Fuel for Thought

By Rona Johnson
Given adequate space, we could have produced a catalog-sized magazine full of articles about this month's theme "Commercializing Biomass-Based Fuels: Cellulosic Ethanol Renewable Diesel, Bio-Oil and More." It was difficult to choose which of the many technologies to cover but we opted for biobutanol and methyl halides because we haven't done many stories on them.

What frustrates me in these stories is that although most of the technologies used to make second-generation biofuels work- the tricky part is commercialization. However, when I read an article such as the column by the Energy & Environmental Research Center, which appears on page 53, and I am reassured that second-generation biofuels will happen, and perhaps sooner than we think. With all the attention and money currently directed at renewable energy and biofuels, economically viable technologies should be on the horizon.

It's hard to envision what life will be like when these new biomass-based fuels become available, which brings me to a discussion I had with a person who was freaking out about the possibility of having to choose among several kinds of fuels. She was worried that customers would accidentally fill their gas tanks with the wrong fuel. I thought back to the days when we switched from leaded to unleaded gasoline.

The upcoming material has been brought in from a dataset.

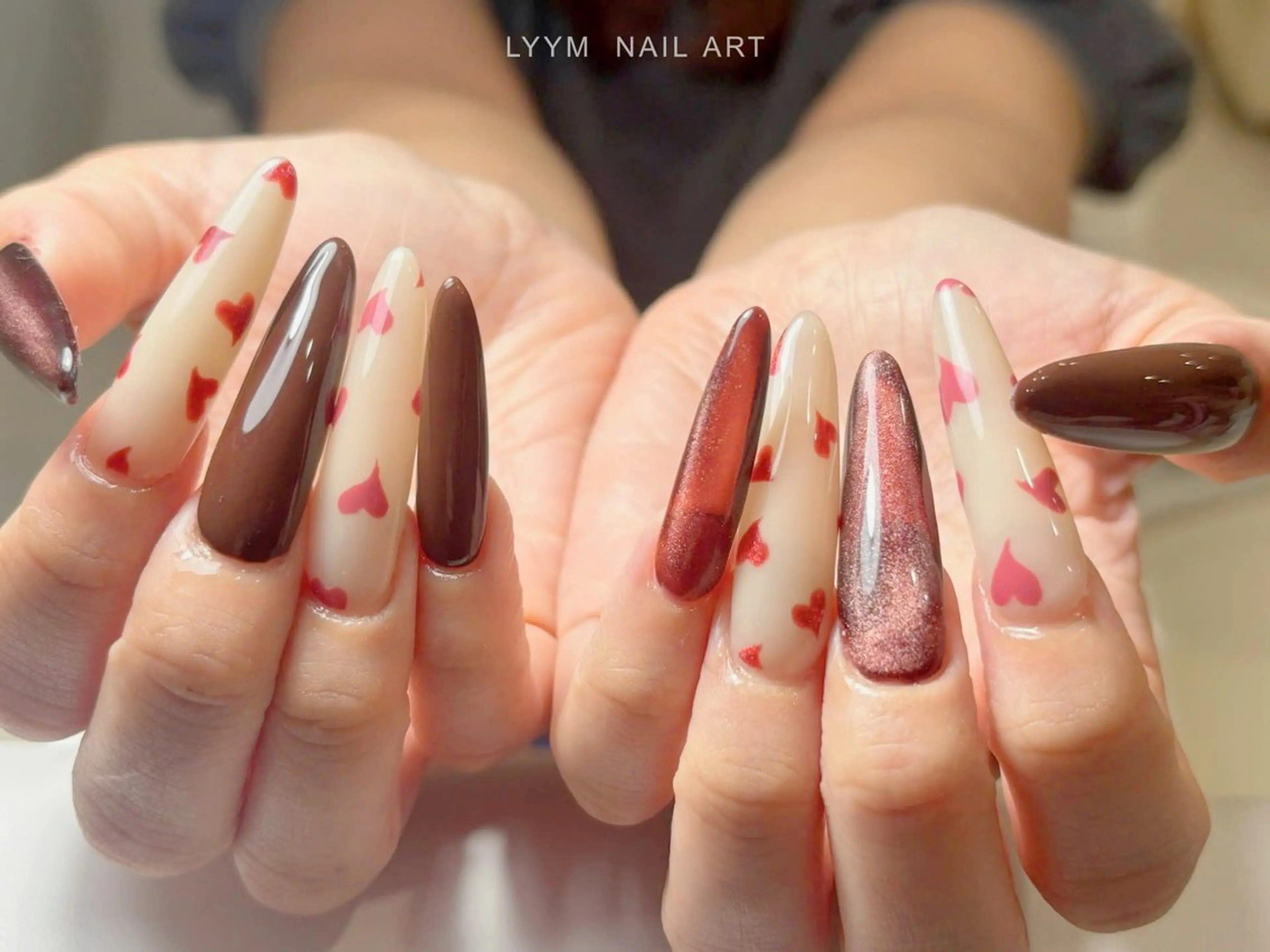 ネイル ブラウン ハート 韓国ネイル ロングネイル 赤色 ハンドネイル LYYM Salonのネイルデザイン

I was working at a convenience store at the time, and it wasn't uncommon for people to try to fill their unleaded-fuel-only vehicles with leaded gasoline, though I believe, the pump nozzle for the leaded gas pump was larger than the tank opening on the unleaded vehicle.

I am not worried about using the wrong fuel. People make these types of decisions every day. We already choose ink for our printers from among several different types of ink, and although batteries come in all shapes and sizes, we manage to figure out which ones go where. I think it's just knowing what kind of a vehicle we have and then learning which fuel is appropriate. It's probably just a simple matter of the vehicle manufacturer attaching a sticker to the gas cap that indicates which kind of fuel we need. Or, if there is no gas cap, finding the plug-in.

What concerns me is that if we are closing the commercialization gap, issues such as getting the fuel to the consumer need to be addressed. In fact, in the latest issue of EERC's publication "The Edge" there is an article titled "EERC Foundation receives patent application approval for on-demand hydrogen-fueling system." Researchers and engineers at the EERC firmly endorse using hydrogen for transportation fuels and certainly want to make sure that when hydrogen's time comes, it will be easily accessible to the driving public.

For those of you who don't have enough to worry about already, this is some fuel for thought.